**EXERCISE INSTRUCTIONS**:
Only the lines below between the one holding "Casa à venda com 650m², 5 quartos e 6 vagas Casa" and the one holding "Pet-friendly Pearland Home", inclusive, are to be reproduced word for word; the pictures are to be left out.

Source records:
########

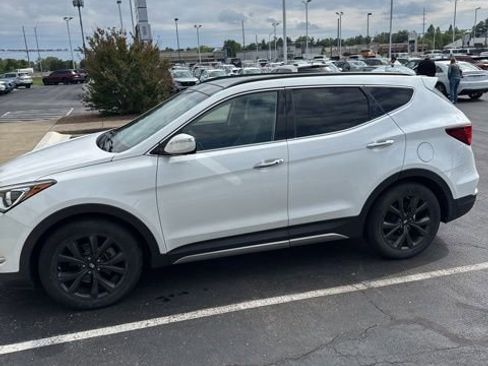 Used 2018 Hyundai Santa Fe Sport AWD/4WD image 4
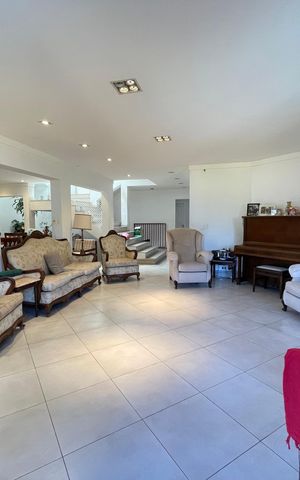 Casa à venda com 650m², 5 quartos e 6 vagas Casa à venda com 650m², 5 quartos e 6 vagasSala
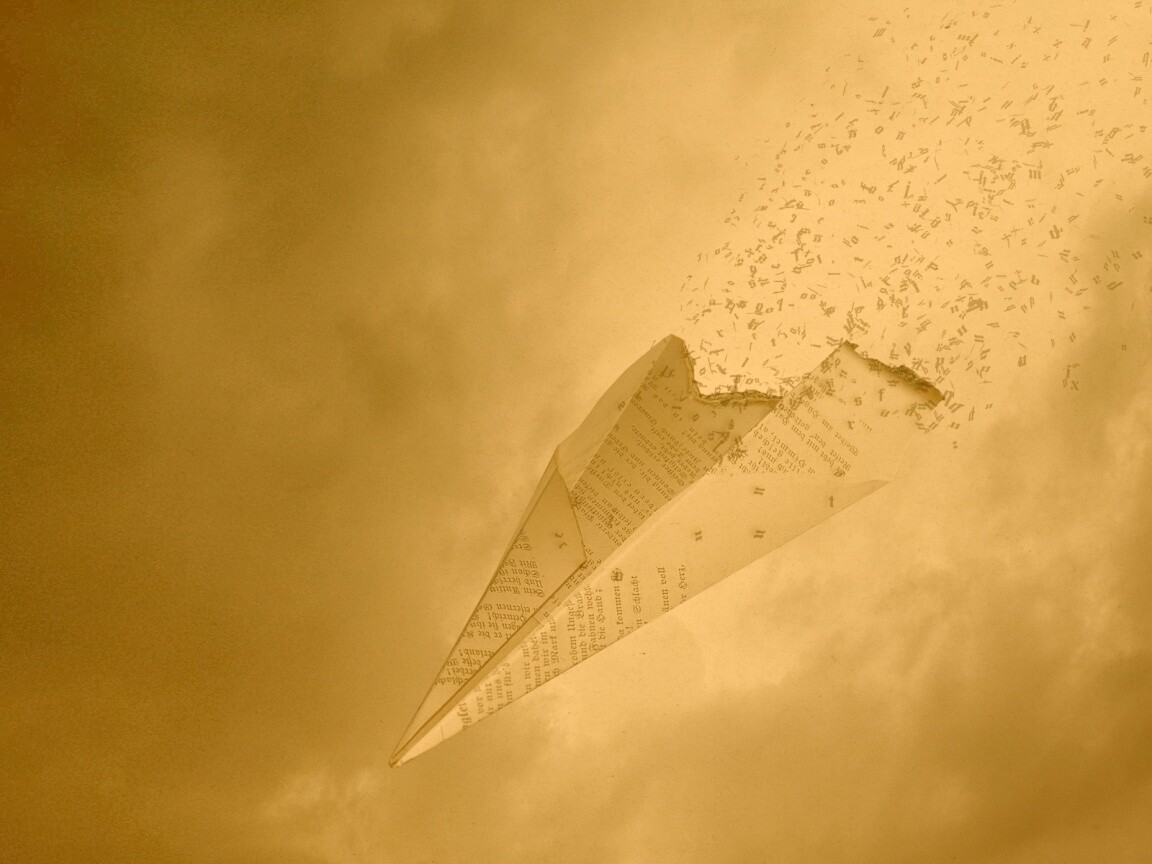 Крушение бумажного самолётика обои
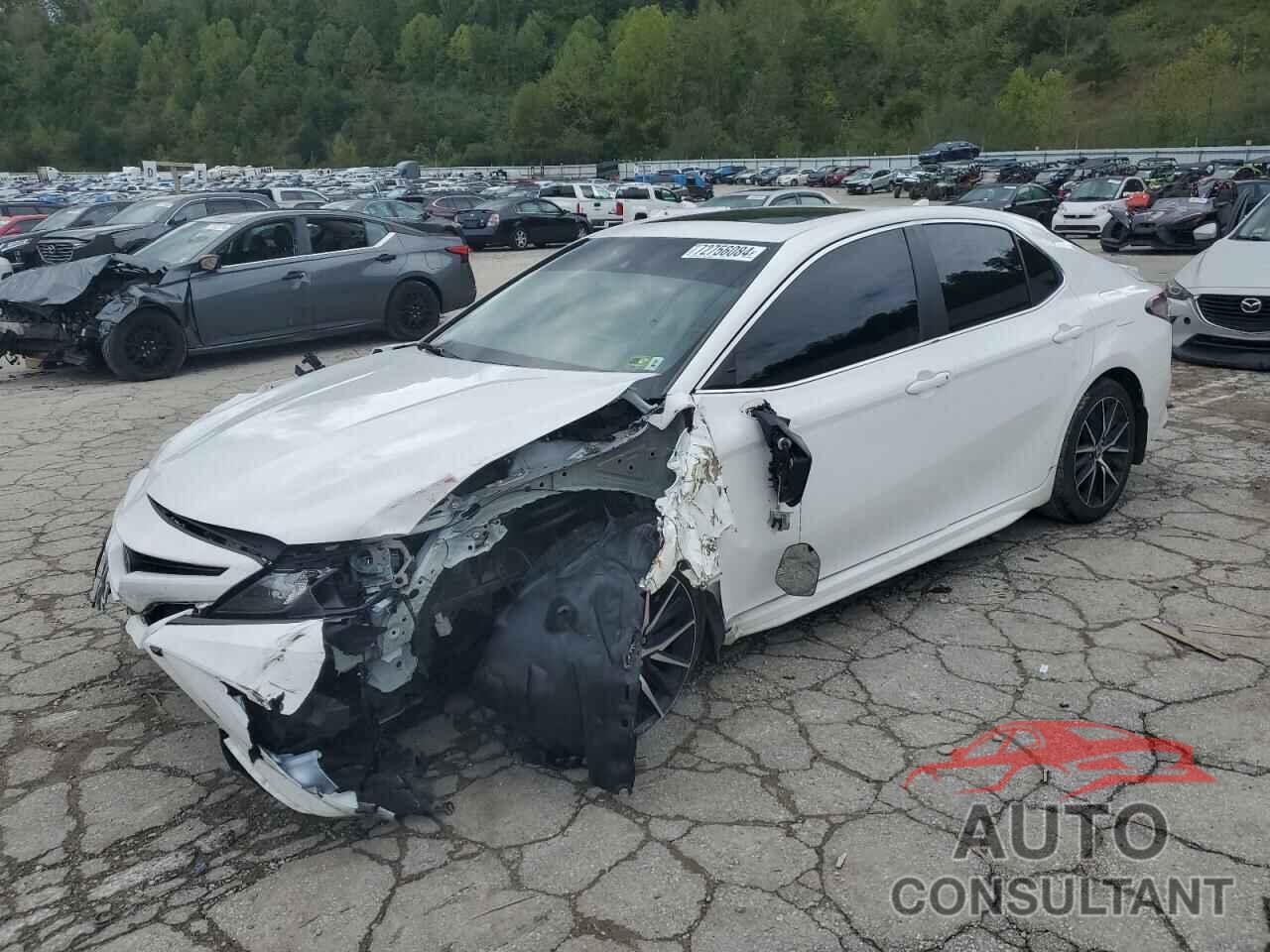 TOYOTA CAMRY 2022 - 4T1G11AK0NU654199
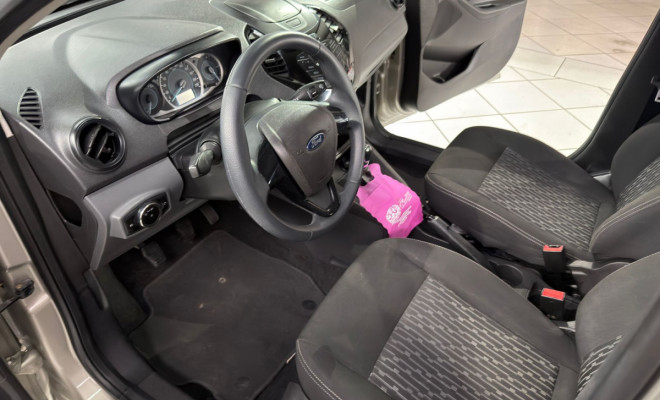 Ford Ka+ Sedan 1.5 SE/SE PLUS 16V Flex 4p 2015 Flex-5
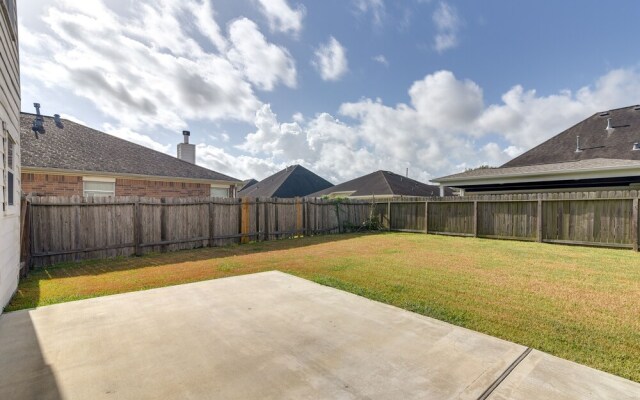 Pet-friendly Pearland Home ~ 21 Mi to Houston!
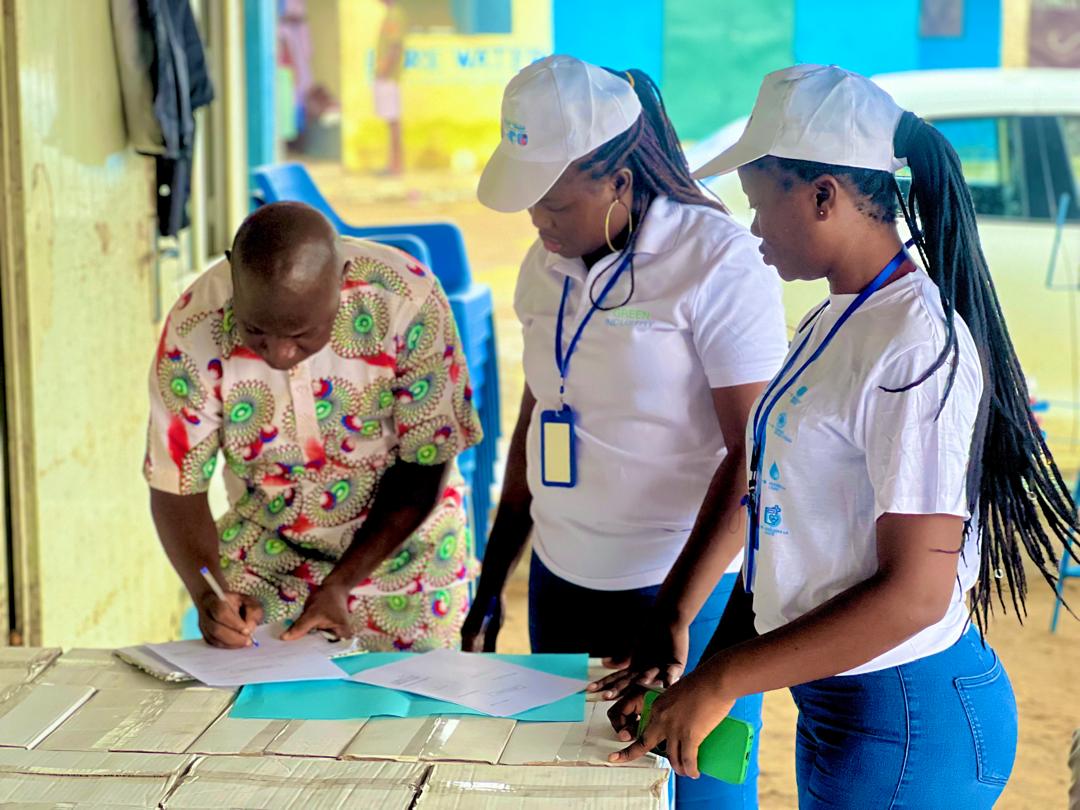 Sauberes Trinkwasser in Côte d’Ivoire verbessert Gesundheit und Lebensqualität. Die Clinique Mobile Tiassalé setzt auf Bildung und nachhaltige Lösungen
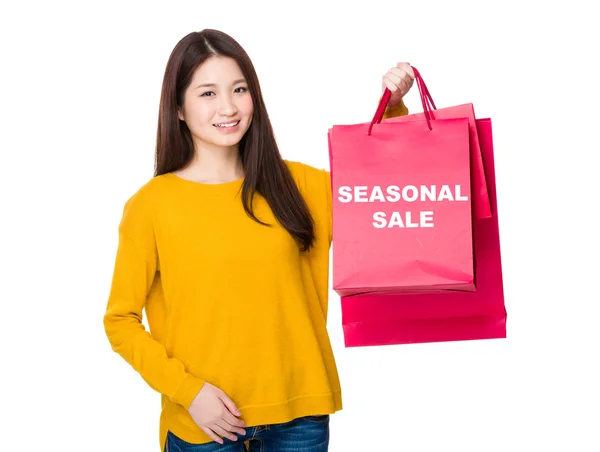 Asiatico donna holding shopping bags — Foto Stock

########

**OUTPUT OF THE EXERCISE**:
 Casa à venda com 650m², 5 quartos e 6 vagas Casa à venda com 650m², 5 quartos e 6 vagasSala
 Крушение бумажного самолётика обои
 TOYOTA CAMRY 2022 - 4T1G11AK0NU654199
 Ford Ka+ Sedan 1.5 SE/SE PLUS 16V Flex 4p 2015 Flex-5
 Pet-friendly Pearland Home ~ 21 Mi to Houston!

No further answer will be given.